Stefan Hajnoczi Feb. 27, 2023, 1:53 p.m. UTC | #1

> Benchmarking results show that SSDFS is capable:

Is there performance data showing IOPS?

These comparisions include file systems that don't support zoned devices
natively, maybe that's why IOPS comparisons cannot be made?

> (3) decrease the write amplification factor compared with:
>     1.3x - 116x (ext4),
>     14x - 42x (xfs),
>     6x - 9x (btrfs),
>     1.5x - 50x (f2fs),
>     1.2x - 20x (nilfs2);
> (4) prolong SSD lifetime compared with:

Is this measuring how many times blocks are erased? I guess this
measurement includes the background I/O from ssdfs migration and moving?

>     1.4x - 7.8x (ext4),
>     15x - 60x (xfs),
>     6x - 12x (btrfs),
>     1.5x - 7x (f2fs),
>     1x - 4.6x (nilfs2).

Thanks,
Stefan

Viacheslav A.Dubeyko Feb. 27, 2023, 10:59 p.m. UTC | #2

> On Feb 27, 2023, at 5:53 AM, Stefan Hajnoczi <stefanha@redhat.com> wrote:
> 
>> Benchmarking results show that SSDFS is capable:
> 
> Is there performance data showing IOPS?
> 

Yeah, I completely see your point. :) Everybody would like to see the performance
estimation. My first goal was to check how SSDFS can prolong SSD lifetime and
decrease write amplification. So, I used blktrace output to estimate the write
amplification factor, lifetime prolongation and compare various file systems.
Also, blktrace output contains timestamps information. And I realized during
comparison of timestamps that, currently, policy of distribution of offset translation table
among logs affects read performance of SSDFS file system. So, if I compare the whole
cycle between mount and unmount (read + write I/O), then I can see that SSDFS can be
faster than NILFS2, XFS but slower than ext4, btrfs, F2FS. However, write I/O path
should be faster because SSDFS can decrease the amount of write I/O requests.
I am changing the offset translation table’s distribution policy (patch is under testing) and
I expect to improve the SSDFS read performance significantly. So, performance
benchmarking will make sense after this fix.

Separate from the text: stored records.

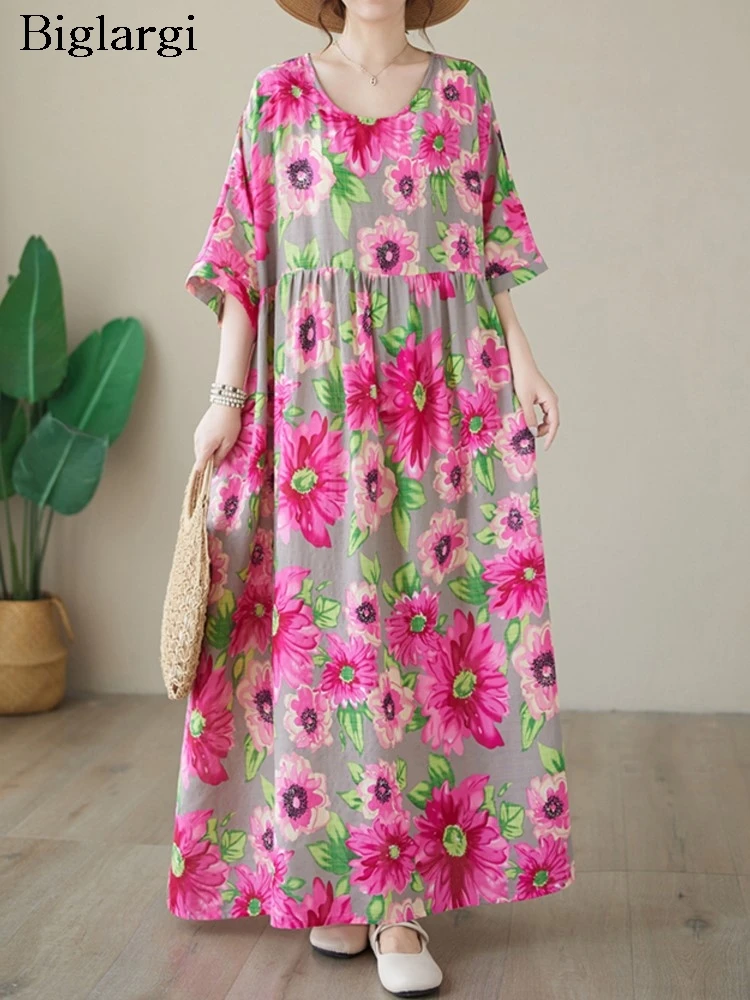 

Oversized Pink Flower Floral Summer A-Line Long Dress Women Ruffle Pleated Loose Fashion Ladies Dresses Short Sleeve Woman Dress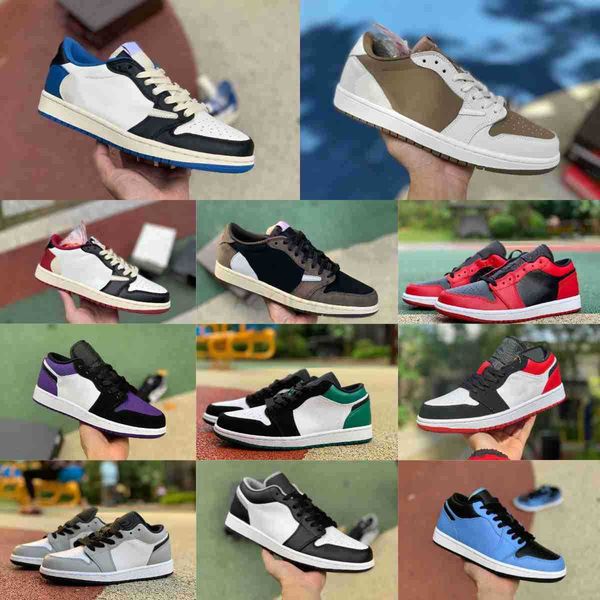 

2023 fragment ts travis scottss low basketball shoes jumpman x 1 1s white brown red gold grey toe unc court purple black shadow panda crimso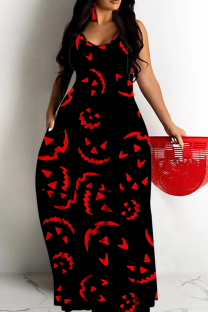 Black Red Sexy Casual Print Backless Spaghetti Strap Long Dresses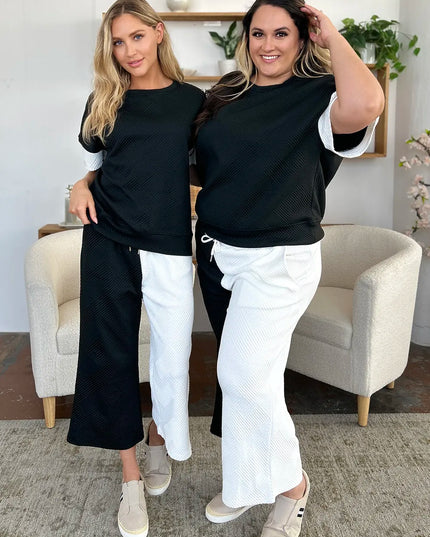 Double Take Full Size Texture Contrast T-Shirt and Wide Leg Pants Set
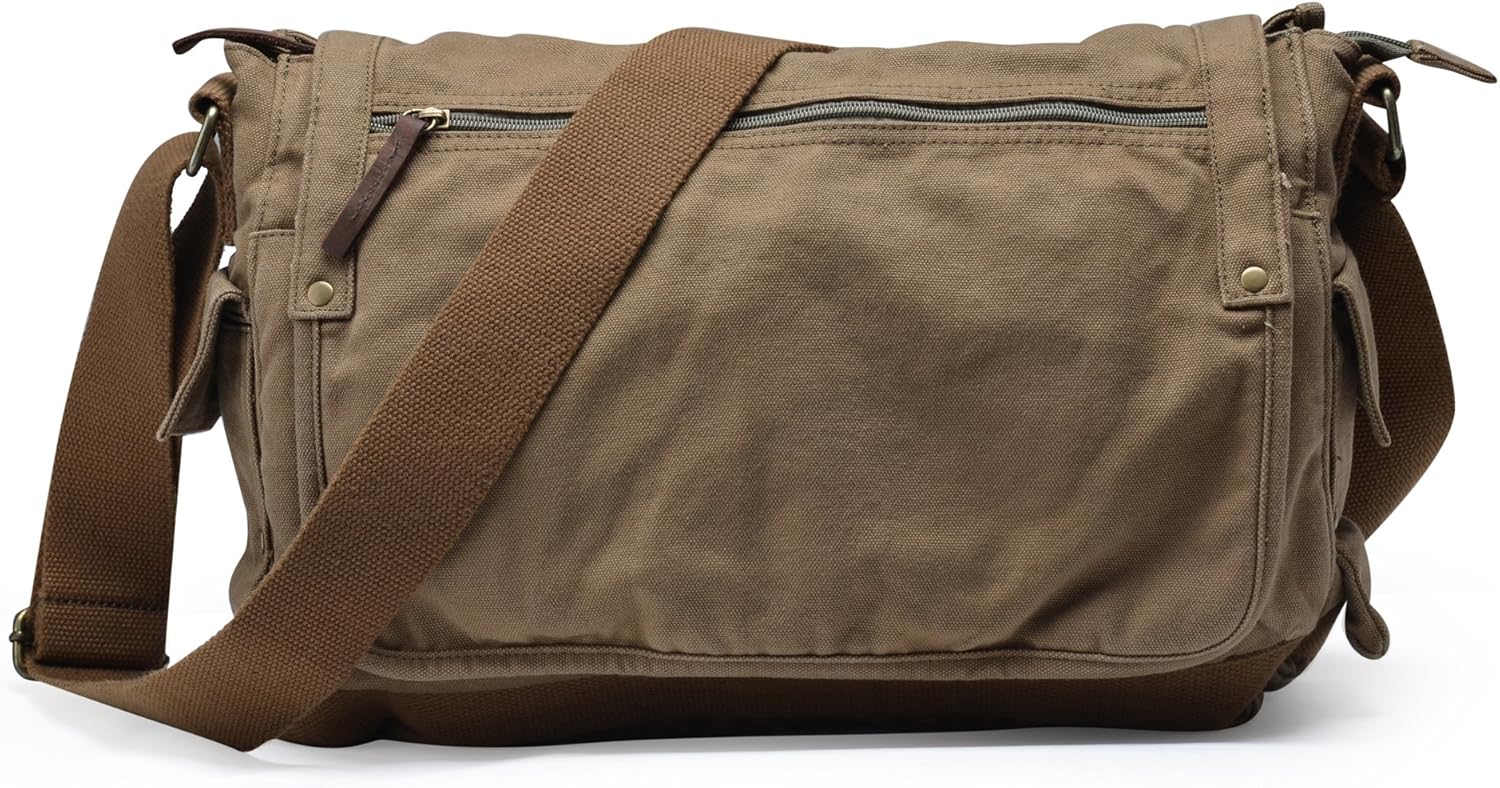 Gootium Canvas Shoulder Bag - Vintage Cross Body Messenger Bag Mens Satchel 15.6"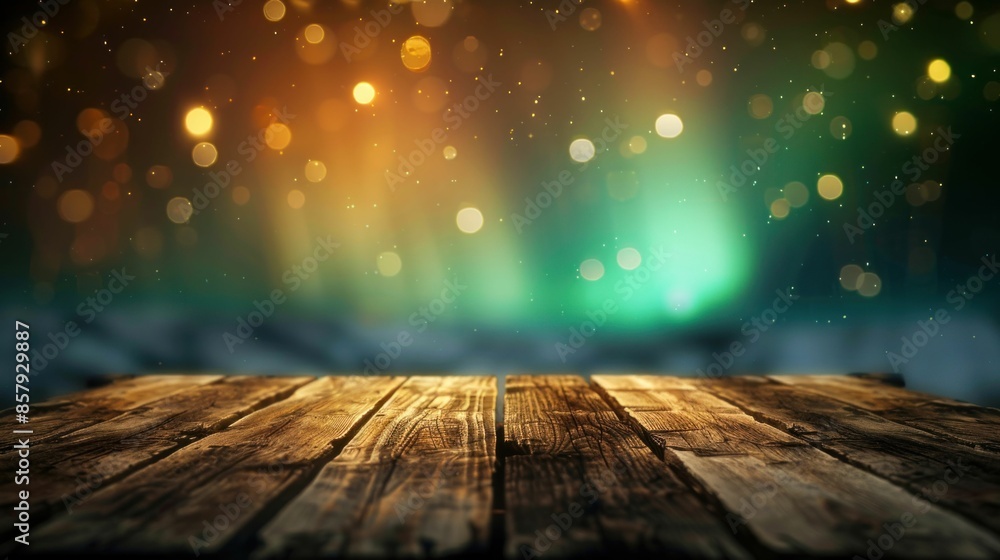 Poster empty wooden table with bokeh lights background. generative ai
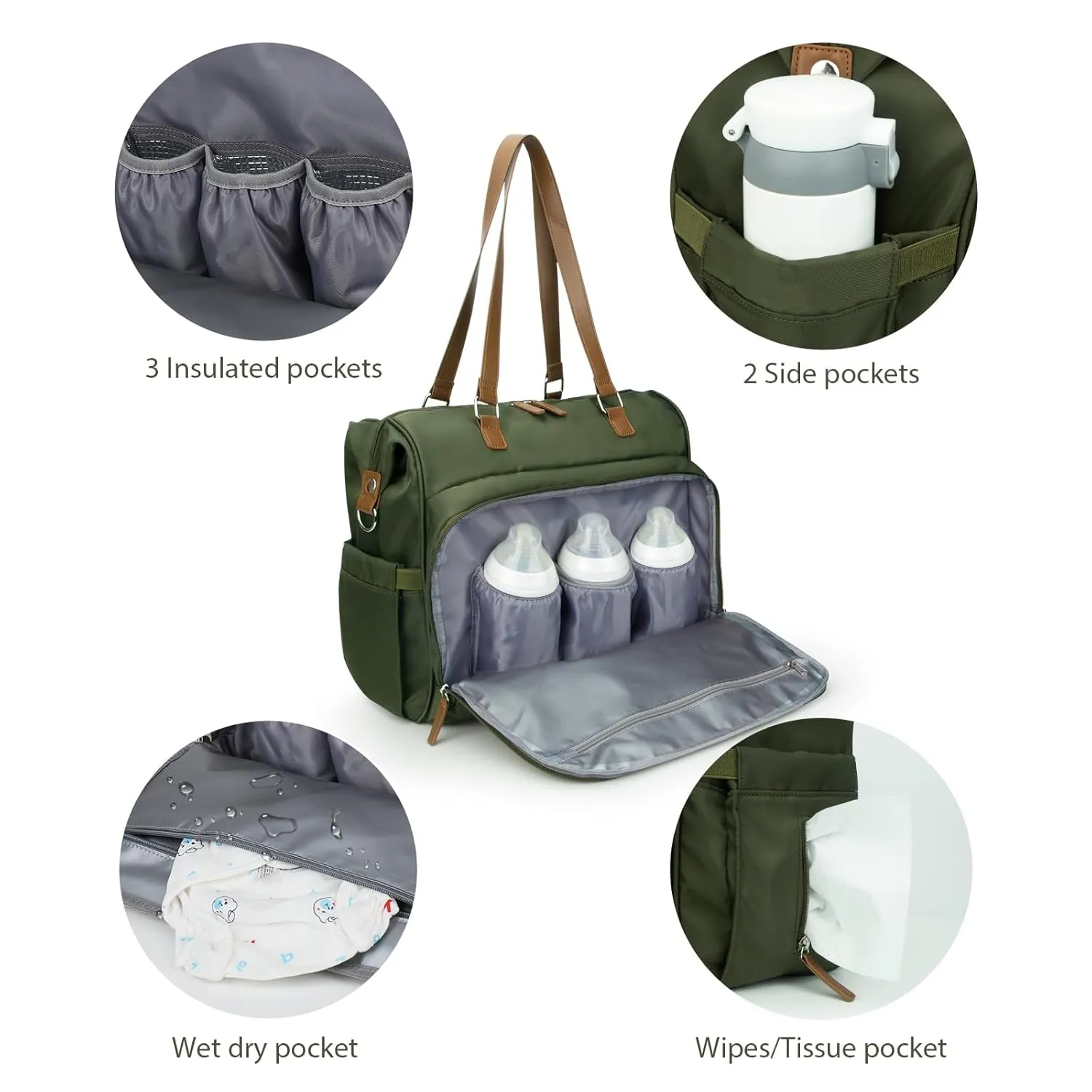 Moms Diaper Bag 4 in 1 Diaper Baby Tote, Hospital Bag for Labor & Delivery, Large Waterproof Baby Travel Weekender with 3 Insulated Pockets,Olive Green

> These comparisions include file systems that don't support zoned devices
> natively, maybe that's why IOPS comparisons cannot be made?
> 

Performance comparison can be made for conventional SSD devices.
Of course, ZNS SSD has some peculiarities (limited number of open/active
zones, zone size, write pointer, strict append-only mode) and it requires
fair comparison. Because, these peculiarities/restrictions can as help as
make life more difficult. However, even if we can compare file systems for
the same type of storage device, then various configuration options
(logical block size, erase block size, segment size, and so on) or particular
workload can significantly change a file system behavior. It’s always not so
easy statement that this file system faster than another one.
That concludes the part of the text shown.